Dr. Russell Portenoy, a professor at the Albert Einstein College of Medicine in New York, is helping the complainants in exchange for withdrawing their applications. His cooperation was made public late last week in a lawsuit filed by a special magistrate who helps manage over 1,500 lawsuits against the drug industry, which are bundled in front of a federal judge in Cleveland.

The special master, David Cohen, said the government's plaintiffs had described Portenoy as "a paid salary for the manufacturer's defendants by promoting the use of prescription opioids while minimizing their risks" .

Cohen also found that Portenoy failed to disclose to drug manufacturers and distributors that it was cooperating with government complainants when they entered into this agreement in March 2018. As a result, governments will not be able to use his testimony in cases filed by Ohio. the counties of Cuyahoga and Summit to be judged in October.

A statement that Portenoy gave earlier this year for an opioid lawsuit in Oklahoma also can not be used in these early federal cases, but Cohen said Portenoy may be called to testify in subsequent trials.

Robert Josephson, a spokesman for the manufacturer of OxyContin, Purdue Pharma, said in a statement that the sanction against the plaintiffs was appropriate. Hunter Shkolnik, a lawyer who handled the Portenoy case on behalf of the state and local governments in federal affairs, did not answer the call on Monday.

Opioid medications have long been used to relieve end-of-life and postoperative pain. But from the 1990s, a new generation of drugs was used to treat chronic pain.

Prosecutions by states and local governments across the country claim that the change has been a major factor in the national crisis of opioid dependence and overdose.

According to the US Centers for Disease Control and Prevention, the clbad of drugs, including prescription painkillers such as OxyContin and illicit drugs such as fentanyl and heroin, has been implicated in a record of 48,000 deaths in the United States in 2017 – more than the number of deaths in road accidents.

Lawyers representing governments said that "opinion leaders" such as Portenoy were one of the main reasons for the change of philosophy in the area of ​​prescription.

Portenoy published findings to support the increasing use of opioids in the fight against chronic pain as early as the 1980s.

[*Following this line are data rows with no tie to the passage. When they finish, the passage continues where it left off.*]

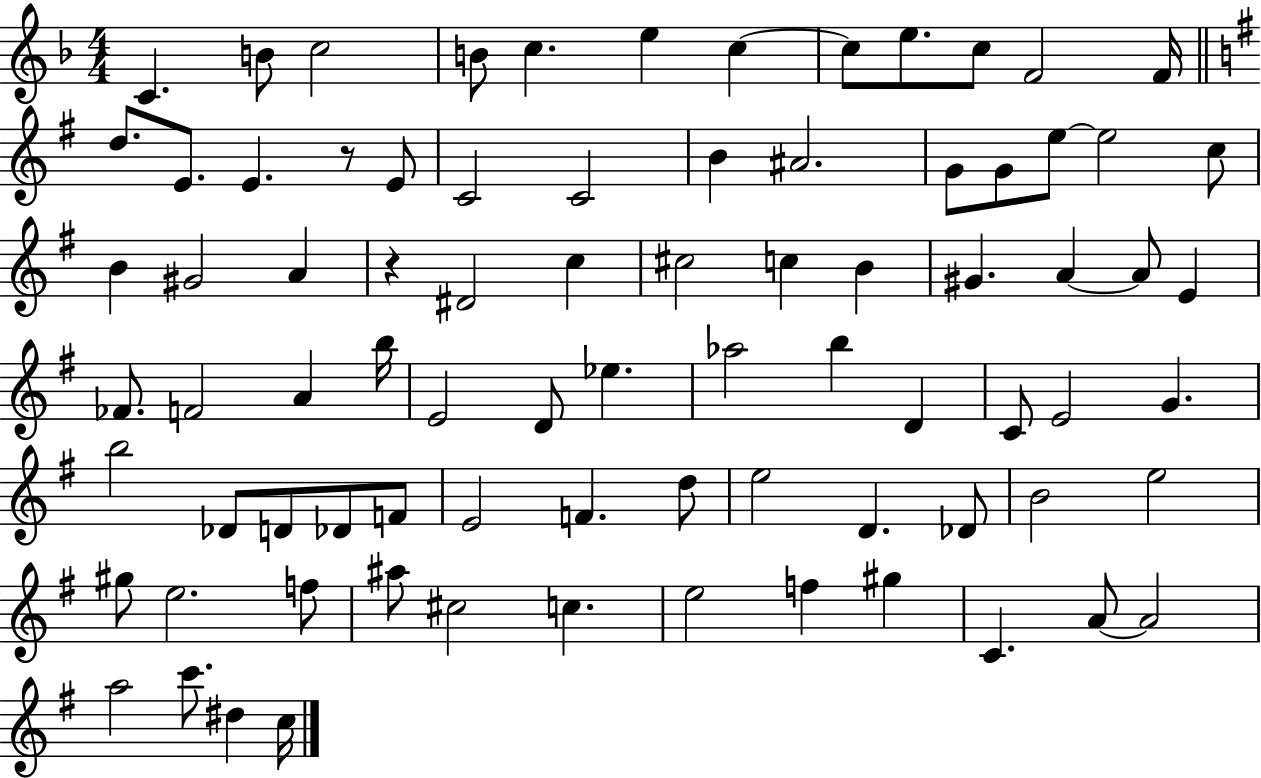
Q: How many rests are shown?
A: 2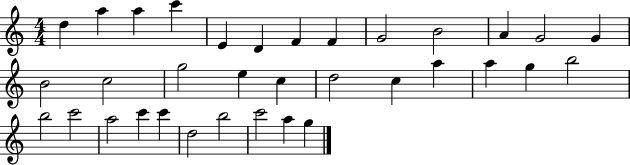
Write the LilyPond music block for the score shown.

{
  \clef treble
  \numericTimeSignature
  \time 4/4
  \key c \major
  d''4 a''4 a''4 c'''4 | e'4 d'4 f'4 f'4 | g'2 b'2 | a'4 g'2 g'4 | \break b'2 c''2 | g''2 e''4 c''4 | d''2 c''4 a''4 | a''4 g''4 b''2 | \break b''2 c'''2 | a''2 c'''4 c'''4 | d''2 b''2 | c'''2 a''4 g''4 | \break \bar "|."
}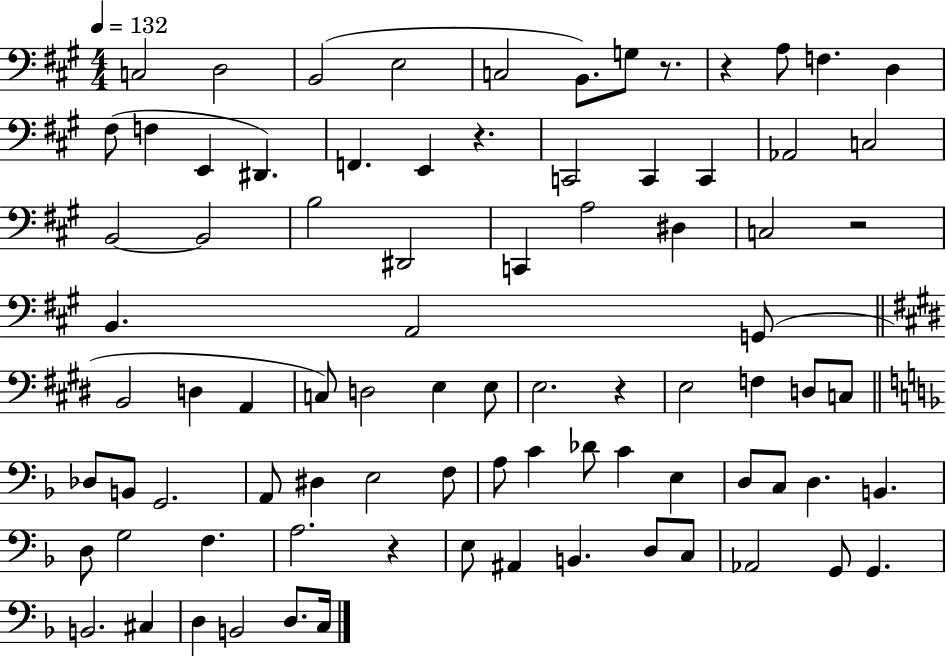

For a time, he was president of the American Pain Society, an organization strongly supported by drug manufacturers.

Portenoy and other doctors who advocated a more liberal use of opioids have been named as defendants in many cases brought by governments against the drug industry.

Portenoy also made a statement late last year, detailing how he would testify at the trial, document under seal by a federal court. Neither Portenoy nor his lawyers came back from the Associated Press on Monday.